Sept. 26 —Northwestern College recently hosted a meeting of the Minnesota Latino Pastors Network. More than 40 pastors, leaders and laypersons from churches and ministries throughout Minnesota gathered for the luncheon and program in Northwestern’s Billy Graham Community Life Commons.
The meeting provided opportunities to learn about Northwestern College and for attendees to connect with other Latino leaders and those involved in Hispanic ministries.
The event was initiated by Pastor Sergio Choy, president of the Minnesota Latino Pastors Network, and Fred Iglesia, D.Min., (director of the Northwestern College Bible Institute
(NBI) and professor of Biblical & Theological Studies), who share a vision of reaching the Latino community with the power of the Gospel. The NBI is an innovative program strategically partnering with local churches to provide sound Bible teaching beyond the NWC campus. From beginning with one site in 2000, the NBI has grown to three sites, including one in Spanish.
In his opening remarks at the meeting, Choy noted there is great urgency for the Latino community to be focused on education, as approximately 50 percent of Latinos are dropping out of high school. The Minnesota Latino Pastors Network presents an opportunity for “Latinos to serve Latinos,” he said. “We want to let people know education is important.” Choy commended Northwestern College for the efforts of the Northwestern College Bible Institute in bringing in-depth Bible education to the urban community.
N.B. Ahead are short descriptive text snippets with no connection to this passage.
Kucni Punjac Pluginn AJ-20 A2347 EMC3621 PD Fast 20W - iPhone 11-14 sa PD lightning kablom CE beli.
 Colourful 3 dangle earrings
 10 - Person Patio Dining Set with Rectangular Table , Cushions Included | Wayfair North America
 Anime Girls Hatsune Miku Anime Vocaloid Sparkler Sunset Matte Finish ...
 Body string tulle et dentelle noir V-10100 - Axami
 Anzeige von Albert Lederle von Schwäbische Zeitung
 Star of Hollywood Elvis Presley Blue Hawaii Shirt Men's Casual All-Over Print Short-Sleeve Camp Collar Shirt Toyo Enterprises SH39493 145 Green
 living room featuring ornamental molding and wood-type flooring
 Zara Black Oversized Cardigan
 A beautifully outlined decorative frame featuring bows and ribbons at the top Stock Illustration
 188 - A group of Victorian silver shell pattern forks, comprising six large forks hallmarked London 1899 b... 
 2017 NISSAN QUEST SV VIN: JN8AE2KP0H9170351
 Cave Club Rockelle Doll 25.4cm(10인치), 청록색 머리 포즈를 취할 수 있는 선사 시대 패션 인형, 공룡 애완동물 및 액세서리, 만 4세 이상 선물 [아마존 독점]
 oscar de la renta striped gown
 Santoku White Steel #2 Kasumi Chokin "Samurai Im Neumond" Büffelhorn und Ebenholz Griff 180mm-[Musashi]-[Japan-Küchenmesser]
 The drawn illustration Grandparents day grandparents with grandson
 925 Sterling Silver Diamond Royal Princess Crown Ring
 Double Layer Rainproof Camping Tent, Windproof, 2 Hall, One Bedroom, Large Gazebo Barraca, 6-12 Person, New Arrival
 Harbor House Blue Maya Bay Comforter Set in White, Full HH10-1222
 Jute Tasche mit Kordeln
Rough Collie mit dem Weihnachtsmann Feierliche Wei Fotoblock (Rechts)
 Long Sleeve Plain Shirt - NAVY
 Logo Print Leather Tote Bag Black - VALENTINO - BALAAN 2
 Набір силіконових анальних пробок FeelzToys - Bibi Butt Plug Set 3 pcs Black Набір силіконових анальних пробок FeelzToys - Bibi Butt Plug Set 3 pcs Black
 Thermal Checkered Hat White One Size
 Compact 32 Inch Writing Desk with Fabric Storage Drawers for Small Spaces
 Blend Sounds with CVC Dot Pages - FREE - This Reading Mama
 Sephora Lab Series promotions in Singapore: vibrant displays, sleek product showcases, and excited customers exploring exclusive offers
Jesus Sanchez, a pastor for Comunidad Cristiana Tiempo Nuevo in Shakopee, attended the event with his wife and co-pastor, Asenet. At the conclusion of the luncheon Sanchez remarked that he found the program to be “Inspirational.”
According to Iglesia, the partnerships formed through the event will be “mutually beneficial in the strengthening and sharpening of our separate callings.” He noted that the visiting pastors were pleased to learn more about Northwestern, and in turn Northwestern will be pursuing further opportunities to serve the Latino community in Minnesota. Some opportunities already in progress include expanding NWC student participation in after-school tutoring programs in St. Paul, and having bi-lingual Spanish majors serve at upcoming events hosted by some of the pastors in attendance.
In addition to several presentations from college staff and faculty, the pastors’ meeting included worship, informal networking and an optional tour of KTIS Radio and the Mel Johnson Media Center.
Iglesia emphasized that the greatest outcome of the event will be advancement of God’s Kingdom, and that the event stands “as a unique moment for the cause of Christ.”